— А Рубикис без работы, коли пан ему людей не дает пороть?
— Пороть уж не порет, но так и норовит всякого исподтишка куснуть. Что только пронюхает, сразу наушничает Пшемыцкому. Но и у него от страха поджилки трясутся. Больше всех Пранайтиса побаивается.
— И не зря, — подтвердил Пятрас. — Таких в первую голову на сухой сук!
Заходило солнце, разодранная туча все ярче шалела багрянцем. На земле сгущались тени.
— Когда же опять повидаемся, Петрялис, как будет с нашей свадьбой? — спрашивала Катрите, сжимая его руку. — И как отца склоним?
— Пора обо всем пораскинуть мозгами, Катрите. Оба будем думать. Может, и в самом деле попросим дочку Скродского перед отцом заступиться. А я — еще раз к Мацкявичюсу. Чего долго ждать, завтра же по дороге в Лидишкес заверну в Пабярже. Когда у дяди все будет готово, опять прикачу. И тогда поженимся, Катрите! — вскрикнул он, сияя, большими ладонями сжимая ее руку.
— А где нам свадьбу сыграть, двум беднякам? — затревожилась раскрасневшаяся Катрите.
Пятрас широко улыбнулся и пошутил:
— Какие же мы бедняки, Катрите! У многих ли такие руки, многие ли со мной на работе сравняются? Да и голова не из дурных… А ты сама! Видывал ли кто девушку милее? Разве я тебя променяю на все поместье Скродского, на богатства? Никогда, Катрите! А ты говоришь — мы бедняки!
Она еще больше зарумянилась от его ласковых слов. А он продолжал, сам себя подбадривая, даже глаза от радости сверкали:
— Говоришь, где свадебку сыграем? Найдется где, Катрите! Когда тебя приведу, не одна отцовская усадьба — вся деревня зашумит, земля загудит, как пустится в пляс сотня пар под суктинис Дундулиса! Нешто нет у нас друзей во всех багинских деревнях?
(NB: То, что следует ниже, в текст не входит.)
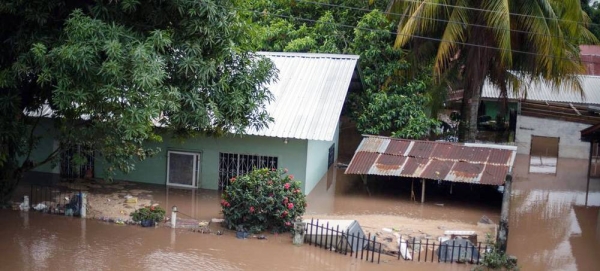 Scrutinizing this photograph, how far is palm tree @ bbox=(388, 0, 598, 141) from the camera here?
1962 cm

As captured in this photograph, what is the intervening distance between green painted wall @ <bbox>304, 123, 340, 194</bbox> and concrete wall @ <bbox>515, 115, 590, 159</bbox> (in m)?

Тепло стало на сердце у Катрите. И в то же время — уже не в первый раз — почуяла девушка горький укор совести. А что же она сделала, чтобы помочь Пятрасу добиться их общего счастья? Пробовала ли сломить отцовское упрямство? Эти вопросы стали терзать Катре в тех пор, как она пошла на службу к Скродскому и почувствовала себя сильнее и смелее.
Теперь она видит: надо решиться. Выложит отцу все, что наболело. Покажет, что умеет и свое слово молвить.
Да, она это сделает. Но сегодня не надо чересчур сердце растравлять. Пятрас уже заметил ее затуманившееся лицо и озабоченно спросил:
— Что с тобой, Катрите? Чем недовольна? Или кто тебя обидел?
— Знаешь, Пятрас, злейший мой обидчик — отец родной, — ответила она так мрачно, что и Пятрас удивился. — Но больше молчать не буду! Скажу все, от чего у меня за эти годы сердце распухло.
Пятрас принялся ее успокаивать. Да, отец ее — кремень. Но разве он их разлучит, коли они сами решатся? Мать — за Катрите. Пусть только он, Пятрас, обзаведется своим углом, тогда и отца смягчат.